Dr. Jeffrey Guy, a Nashville trauma surgeon, recruited 400 doctors, nurses and first responders to help the people in New Orleans. Then FEMA gave them something to do: fill out 60-page applications that demanded photographs and tax forms.

Guy received an e-mail from an emergency room doctor in Mississippi who needed bandages, splints and medicine, and coloring books for children. Guy had them -- he'd been collecting corporate donations -- but FEMA said they needed two state permits to transport these items from Tennessee to Mississippi. The supplies were only sent when two guys showed up with a church van and volunteered to take them -- as rogue responders without FEMA's permission.

The deadliest government mistake was made by Congress. The Army Corps of Engineers had said it wanted $27 million to strengthen the levees protecting New Orleans. Congress said no, though our can't-spend-your-money-fast-enough representatives did appropriate more than that for an indoor rain forest in Iowa.

Louisiana Sen. Mary Landrieu, a Democrat, blamed the president. "The president could have funded it," she said.

Someday, she should read the Constitution. Only Congress can appropriate federal money.

Former Louisiana senator John Breaux also told me the state never got what it asked for. "I'm part of the effort to try and get more money, and many times we were not successful," he complained.

But, surprise! It turns out Louisiana got lots of money for Corps of Engineers projects -- hundreds of millions of dollars more than any other state. Congress just spent it on pork projects instead of on the levees.

I confronted Breaux about his own state's pork, such as subsidies for ship builders and the sugar industry.

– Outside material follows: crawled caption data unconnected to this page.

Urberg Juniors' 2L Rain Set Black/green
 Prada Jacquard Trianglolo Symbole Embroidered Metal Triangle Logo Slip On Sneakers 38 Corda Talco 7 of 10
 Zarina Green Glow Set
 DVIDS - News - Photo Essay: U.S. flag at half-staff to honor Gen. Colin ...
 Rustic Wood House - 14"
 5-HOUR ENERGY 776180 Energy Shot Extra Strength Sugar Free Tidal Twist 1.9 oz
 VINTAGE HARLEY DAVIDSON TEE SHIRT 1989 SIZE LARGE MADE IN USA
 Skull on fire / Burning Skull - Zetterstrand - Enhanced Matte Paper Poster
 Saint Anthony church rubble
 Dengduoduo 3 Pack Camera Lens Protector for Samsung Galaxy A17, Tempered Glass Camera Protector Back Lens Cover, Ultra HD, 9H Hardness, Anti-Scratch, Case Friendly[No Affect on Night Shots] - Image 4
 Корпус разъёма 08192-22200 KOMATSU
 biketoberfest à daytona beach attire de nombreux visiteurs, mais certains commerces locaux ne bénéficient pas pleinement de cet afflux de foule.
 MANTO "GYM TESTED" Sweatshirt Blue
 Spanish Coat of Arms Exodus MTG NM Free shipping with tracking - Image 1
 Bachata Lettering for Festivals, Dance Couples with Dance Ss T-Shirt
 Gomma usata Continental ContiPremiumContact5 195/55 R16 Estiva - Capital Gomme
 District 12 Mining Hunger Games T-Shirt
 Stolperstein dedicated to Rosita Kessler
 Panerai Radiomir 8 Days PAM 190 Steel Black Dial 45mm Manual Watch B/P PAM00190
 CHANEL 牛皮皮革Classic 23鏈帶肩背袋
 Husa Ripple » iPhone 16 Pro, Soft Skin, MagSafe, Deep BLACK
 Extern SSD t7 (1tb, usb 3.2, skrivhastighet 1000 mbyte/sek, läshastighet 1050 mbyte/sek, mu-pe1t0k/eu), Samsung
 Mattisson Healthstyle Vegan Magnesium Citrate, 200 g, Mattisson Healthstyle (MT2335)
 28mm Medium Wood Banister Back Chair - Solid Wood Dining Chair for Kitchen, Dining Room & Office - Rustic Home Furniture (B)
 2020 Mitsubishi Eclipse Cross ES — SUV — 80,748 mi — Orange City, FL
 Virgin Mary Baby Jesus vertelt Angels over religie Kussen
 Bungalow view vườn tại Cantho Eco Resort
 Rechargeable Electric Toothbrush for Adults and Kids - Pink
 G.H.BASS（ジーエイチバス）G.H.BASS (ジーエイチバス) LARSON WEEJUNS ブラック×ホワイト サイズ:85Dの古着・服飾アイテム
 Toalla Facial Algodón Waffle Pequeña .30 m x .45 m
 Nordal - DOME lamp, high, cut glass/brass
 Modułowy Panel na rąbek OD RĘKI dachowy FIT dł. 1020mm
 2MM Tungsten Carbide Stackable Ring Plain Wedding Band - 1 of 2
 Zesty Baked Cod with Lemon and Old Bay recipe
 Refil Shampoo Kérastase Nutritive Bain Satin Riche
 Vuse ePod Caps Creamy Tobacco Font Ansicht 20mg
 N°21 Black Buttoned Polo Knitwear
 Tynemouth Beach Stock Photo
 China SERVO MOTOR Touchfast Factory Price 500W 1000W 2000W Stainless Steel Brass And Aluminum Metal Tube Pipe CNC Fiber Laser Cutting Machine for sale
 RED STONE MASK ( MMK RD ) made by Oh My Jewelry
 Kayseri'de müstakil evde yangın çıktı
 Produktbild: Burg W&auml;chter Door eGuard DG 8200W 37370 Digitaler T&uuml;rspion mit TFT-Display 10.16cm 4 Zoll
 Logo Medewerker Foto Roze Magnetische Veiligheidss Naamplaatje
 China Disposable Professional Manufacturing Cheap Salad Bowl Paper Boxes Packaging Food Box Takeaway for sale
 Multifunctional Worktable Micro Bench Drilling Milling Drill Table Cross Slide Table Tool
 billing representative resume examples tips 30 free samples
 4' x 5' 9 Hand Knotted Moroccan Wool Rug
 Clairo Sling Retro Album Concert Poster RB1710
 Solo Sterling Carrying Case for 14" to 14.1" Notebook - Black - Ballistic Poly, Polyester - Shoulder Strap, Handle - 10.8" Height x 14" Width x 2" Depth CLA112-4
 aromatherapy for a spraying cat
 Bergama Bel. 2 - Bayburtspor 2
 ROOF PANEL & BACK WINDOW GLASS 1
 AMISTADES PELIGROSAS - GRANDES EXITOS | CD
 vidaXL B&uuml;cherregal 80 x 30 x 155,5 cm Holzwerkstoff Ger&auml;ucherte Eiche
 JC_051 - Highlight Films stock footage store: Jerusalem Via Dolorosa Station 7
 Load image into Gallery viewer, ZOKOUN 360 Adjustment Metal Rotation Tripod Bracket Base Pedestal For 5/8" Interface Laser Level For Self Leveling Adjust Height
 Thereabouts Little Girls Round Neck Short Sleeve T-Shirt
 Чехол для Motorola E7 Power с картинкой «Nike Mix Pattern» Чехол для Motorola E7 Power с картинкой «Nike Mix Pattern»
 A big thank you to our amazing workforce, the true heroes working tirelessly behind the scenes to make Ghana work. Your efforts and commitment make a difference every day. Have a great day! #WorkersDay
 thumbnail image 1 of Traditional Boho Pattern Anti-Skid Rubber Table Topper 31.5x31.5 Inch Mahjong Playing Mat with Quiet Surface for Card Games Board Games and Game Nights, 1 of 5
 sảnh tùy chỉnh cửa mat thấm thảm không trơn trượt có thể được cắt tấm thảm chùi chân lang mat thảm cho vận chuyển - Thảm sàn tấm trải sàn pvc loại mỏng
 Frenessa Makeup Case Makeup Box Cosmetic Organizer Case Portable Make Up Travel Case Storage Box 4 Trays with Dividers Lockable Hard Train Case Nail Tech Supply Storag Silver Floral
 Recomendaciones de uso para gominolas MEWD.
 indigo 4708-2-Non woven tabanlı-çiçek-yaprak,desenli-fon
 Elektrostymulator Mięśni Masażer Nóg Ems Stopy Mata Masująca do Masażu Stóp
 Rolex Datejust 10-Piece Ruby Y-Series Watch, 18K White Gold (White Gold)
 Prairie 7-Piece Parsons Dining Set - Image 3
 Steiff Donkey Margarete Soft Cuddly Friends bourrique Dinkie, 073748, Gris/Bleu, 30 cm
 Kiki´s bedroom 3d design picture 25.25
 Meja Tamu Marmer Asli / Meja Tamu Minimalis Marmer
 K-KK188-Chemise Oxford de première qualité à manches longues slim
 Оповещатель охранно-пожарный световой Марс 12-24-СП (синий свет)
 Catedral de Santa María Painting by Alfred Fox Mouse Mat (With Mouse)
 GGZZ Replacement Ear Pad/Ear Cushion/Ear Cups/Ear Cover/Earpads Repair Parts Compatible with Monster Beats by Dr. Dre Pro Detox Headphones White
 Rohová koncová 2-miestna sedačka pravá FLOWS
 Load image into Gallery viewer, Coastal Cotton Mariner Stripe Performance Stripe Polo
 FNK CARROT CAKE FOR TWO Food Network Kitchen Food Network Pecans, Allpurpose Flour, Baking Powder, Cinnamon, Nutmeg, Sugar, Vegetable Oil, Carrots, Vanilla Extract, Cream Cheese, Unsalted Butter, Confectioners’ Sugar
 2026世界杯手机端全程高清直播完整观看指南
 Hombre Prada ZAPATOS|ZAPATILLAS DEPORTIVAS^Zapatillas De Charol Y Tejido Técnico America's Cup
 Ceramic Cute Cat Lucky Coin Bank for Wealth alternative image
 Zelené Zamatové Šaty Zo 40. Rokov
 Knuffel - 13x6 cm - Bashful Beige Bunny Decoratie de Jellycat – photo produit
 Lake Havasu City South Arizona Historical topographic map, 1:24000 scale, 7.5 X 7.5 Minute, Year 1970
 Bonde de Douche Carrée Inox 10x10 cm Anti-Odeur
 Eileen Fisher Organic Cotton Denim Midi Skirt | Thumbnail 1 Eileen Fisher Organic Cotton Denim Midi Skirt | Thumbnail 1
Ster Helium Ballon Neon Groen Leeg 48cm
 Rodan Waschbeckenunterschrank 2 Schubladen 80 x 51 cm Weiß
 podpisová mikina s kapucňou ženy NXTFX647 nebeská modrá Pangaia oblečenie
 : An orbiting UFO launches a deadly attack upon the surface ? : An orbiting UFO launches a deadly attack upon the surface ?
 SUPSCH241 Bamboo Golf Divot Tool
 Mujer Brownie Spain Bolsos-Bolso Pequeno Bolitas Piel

"I object to you using words like squander and pork," he said. "What is pork in one part of the country is an essential project in another part."

It's a reason Americans shouldn't filter so much money through Washington. Louisianans don't need Iowa rain forests, and Iowans don't need levees in Louisiana. Maybe the people who want to live in New Orleans should have to pay (through private enterprise or local taxes) the special costs of its exposed location -- or live elsewhere. If all local projects, essential and whimsical, were paid for with local taxes, competition among states and cities would force them to become more efficient.

Russell Kanning

great articles .... this is why they get the big bucks

Russell Kanning

I got this from a relative in ND:


For those of you who are not aware, North Dakota, southwestern Montana and Northern Wyoming got hit with their first blizzard of the season a couple of weeks ago ....

This text is from County Emergency Manager out in the western part of North Dakota State after the storm.

WEATHER BULLETIN

Up here in the Northern Plains we just recovered from a Historic event --- may I even say a "Weather Event" of "Biblical Proportions" --- with a historic blizzard  of up to 24" inches of snow  and winds to 50 MPH that broke trees in half, stranded hundreds of motorists in lethal snow banks, closed all roads, isolated scores of communities and cut power to 10's of thousands.


George Bush did not come....
FEMA staged nothing....
No one howled for the government... No one even uttered an expletive on TV...
Nobody demanded $2,000 debit cards.....
No one asked for a FEMA Trailer House...
No news anchors moved in.

We just melted snow for water, sent out caravans to pluck people out of snow engulfed cars, fired up wood stoves, broke out coal oil lanterns or Aladdin lamps and put on an extra layer of clothes

Even though a  Category "5" blizzard of this scale has never fallen this early...we know it can happen and how to deal with it ourselves.

Everybody is fine.
Living in North Dakota - Montana - or Wyoming you learn to 'pony up', take care of yourself and your
family ... along with your neighbors.

As you open your pockets for yet another natural disaster, keep these facts in mind:

Marsha J. Evans, President and CEO of the  American Red Cross... salary for year ending 06/30/03  was $651,957 plus expenses.

Brian Gallagher, President of the United Way receives a  $375,000 base salary, plus numerous expense benefits.

The Salvation Army's Commissioner Todd Bassett receives a salary of only $13,000 per year (plus housing) for managing this $2 billion dollar organization.